_To do_: Take the line containing "3160 Holiday Springs" and every line below it through the end of the entries, and output them verbatim, pictures excluded.
↓
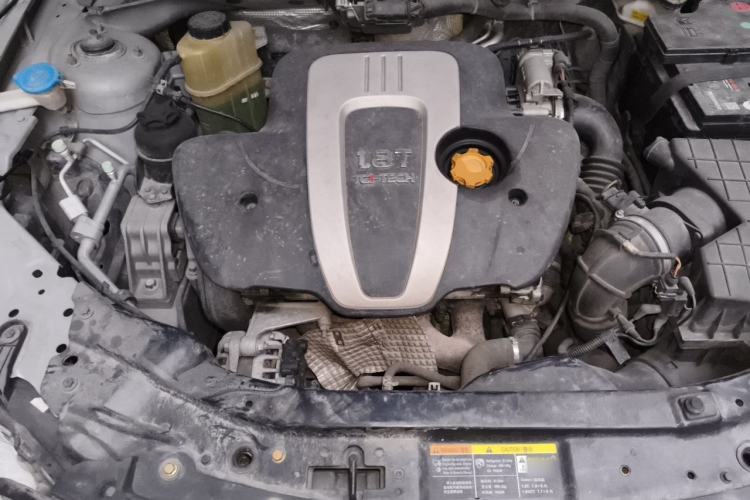 Used Roewe 550 2013 550D 1.8T Automatic Premium Edition Engine Bay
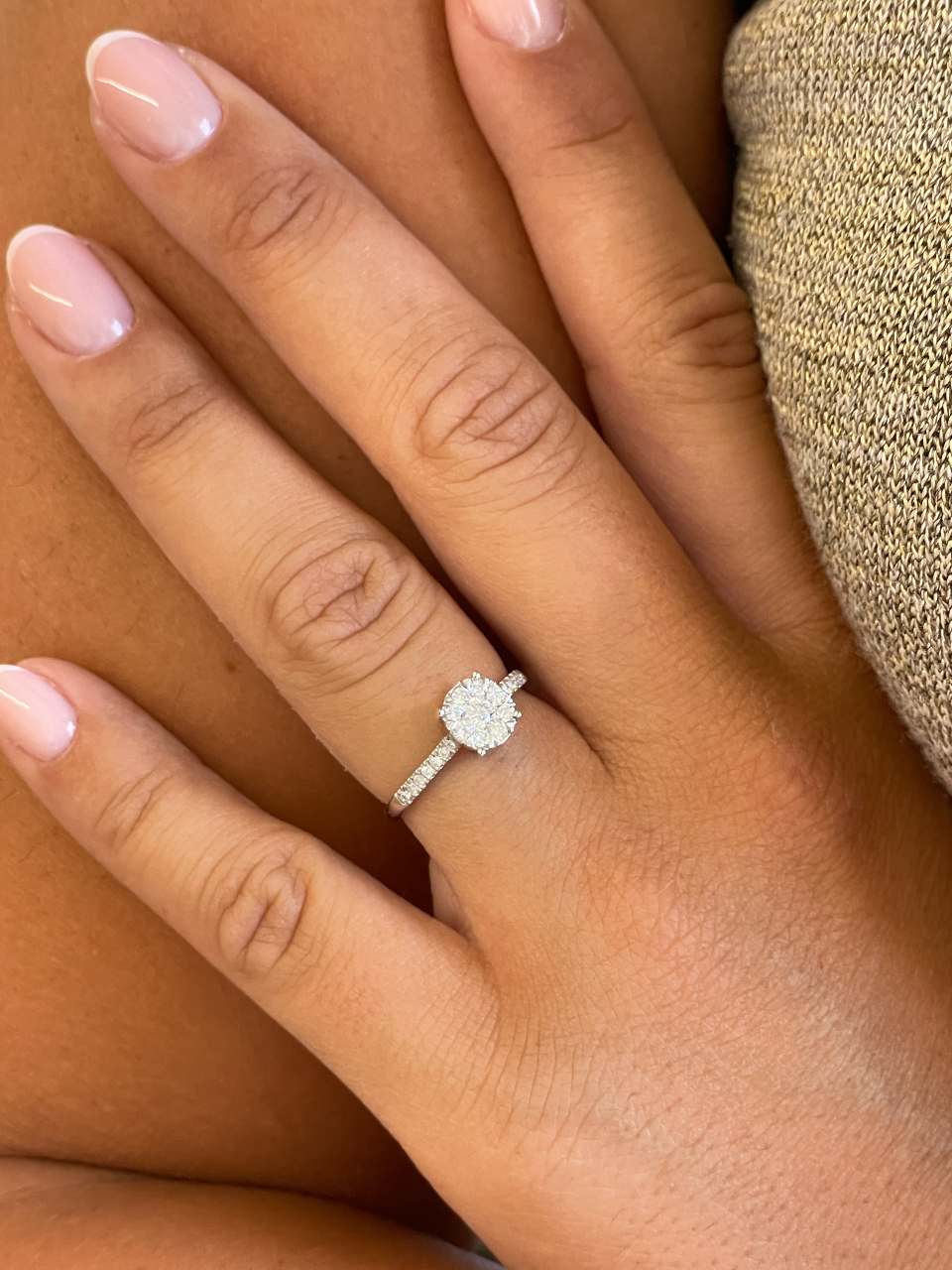 Anillo MANZANA roseta centro de brillante en oro blanco de 18 ktes
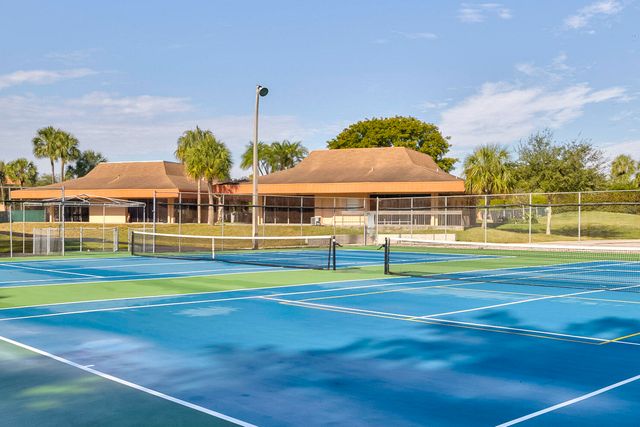 3160 Holiday Springs Boulevard 7-112, Margate, FL 33063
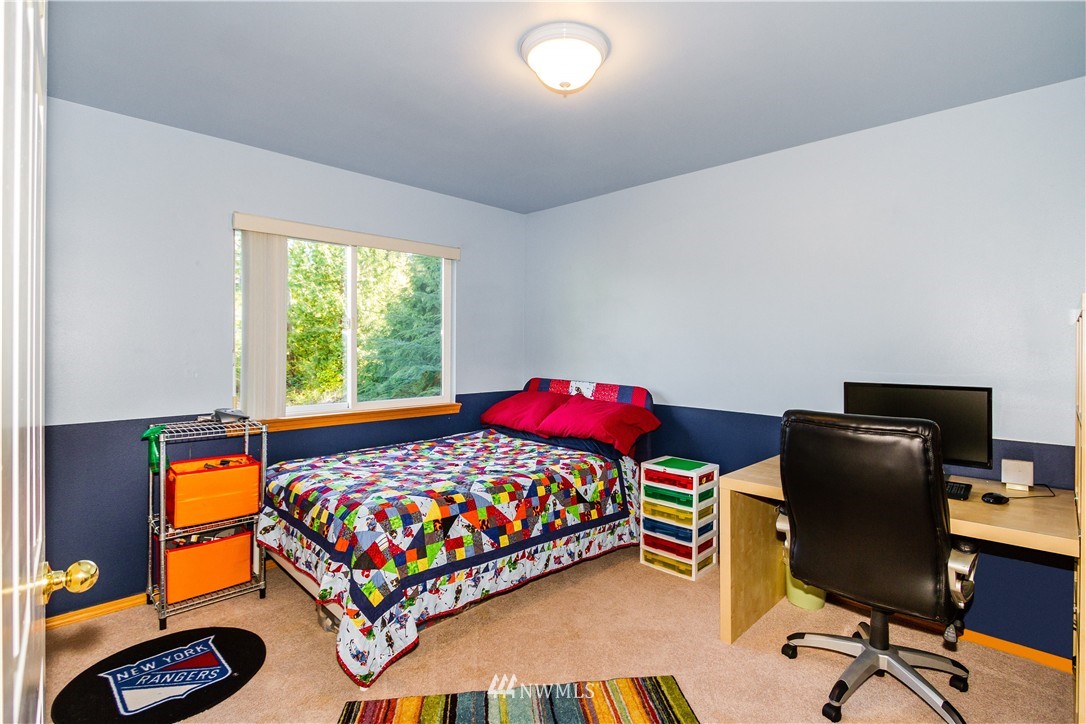 210 169th Street Southeast Bothell, WA 98012 - Photo 16 of 25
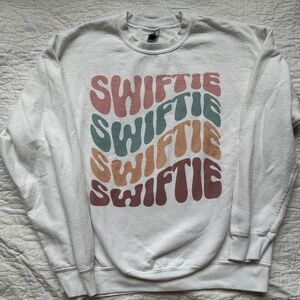 Swiftie Sweatshirt - Super Soft - size M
↑
_Answer to this exercise_:
 3160 Holiday Springs Boulevard 7-112, Margate, FL 33063
 210 169th Street Southeast Bothell, WA 98012 - Photo 16 of 25
 Swiftie Sweatshirt - Super Soft - size M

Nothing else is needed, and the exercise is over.